Now that we have new mortgage rules, it is more important than ever before to include the financing condition in any offer or be otherwise prepared for the consequences.

Pre-approvals are no guarantee your buyer will obtain financing.

Too many buyers are cavalier about submitting offers without a financing condition, especially during the pressure of a bidding war. They must understand that even with a pre-approval, the lender must be satisfied with its own appraisal. The foundation for most appraisals is, what would a willing buyer pay a willing seller, WITHOUT pressure?

In a bidding war, there is almost always pressure on the buyer.

This is why the appraisal will likely be lower than what the buyer offered and the lender will offer your buyer less money than they hoped for. The answer is always to have an extra five to 10 per cent of the down payment in reserve to protect themselves.
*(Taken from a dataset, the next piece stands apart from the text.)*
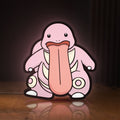 Front view of Lickitung LED lightbox sign glowing on a wooden desk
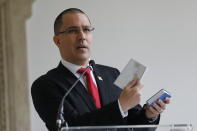 Venezuelan Foreign Minister Jorge Arreaza gives a news conference at his office moments after he met with European Union Ambassador to Venezuela Isabel Brilhante Pedrosa to give her a letter of "persona non grata," and giving her 72 hours to leave the country, in Caracas, Venezuela, Wednesday, Feb. 24, 2021. The meeting was called after the EU sanctioned an additional 19 Venezuelans for "undermining democracy and the rule of law" in Venezuela and the National Assembly declared the EU ambassador "persona non grata." (AP Photo/Ariana Cubillos)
In a condominium purchase, if it is conditional upon review of a status certificate, use that time to also make sure their financing is in order.

Lenders can change their mind right up until the day of closing.

Even if your buyer is approved after they sign the agreement, the lender can still change its mind based on anything that they may learn before they advance the funds. There are usually many conditions attached to any loan approval, such as verification of income, down payment and employment. Make sure your buyer works with their mortgage broker to satisfy all of these conditions and requirements as soon as possible in the process.

The worst words a lawyer can hear from a lender on the day of closing is “The file is in underwriting”. This typically means that someone else is reviewing the entire file because issues have arisen. In some cases this can result in the entire loan being cancelled, right on the day of closing. In our firm, since we receive and send funds via wire transfer, we are fortunately able to complete deals even when lenders are late transferring funds to our trust account.

Always know the net amount your buyer will receive from their lender.

Every mortgage commitment is different. Some may contain up-front fees for arranging the loan, appraisals, CMHC fees and PST, and interest to the interest adjustment date. All of these fees are deducted right off the top, before the balance is sent to their lawyer on the day of closing. The bottom line is that your buyer must know the exact amount that will be sent to their lawyer on closing, to make sure they have enough to make up the rest of the down payment, land transfer tax and legal fees. At our firm we remind clients to send us their mortgage instructions early in the process so that we can get them the net amount they will need to complete the transaction in a timely manner.

Get it in writing if your buyer wants no finance condition in the agreement.

If the buyer does go ahead and tell you to put the offer in without a finance condition, get these instructions in writing. It is not enough to write the finance condition in the offer and then have the buyer strike it out and initial it. It is better to use a separate form.

In Ontario, OREA has form 127, which makes it clear that the buyer is confirming to the buyer brokerage that they understand the risks in making an offer without conditions.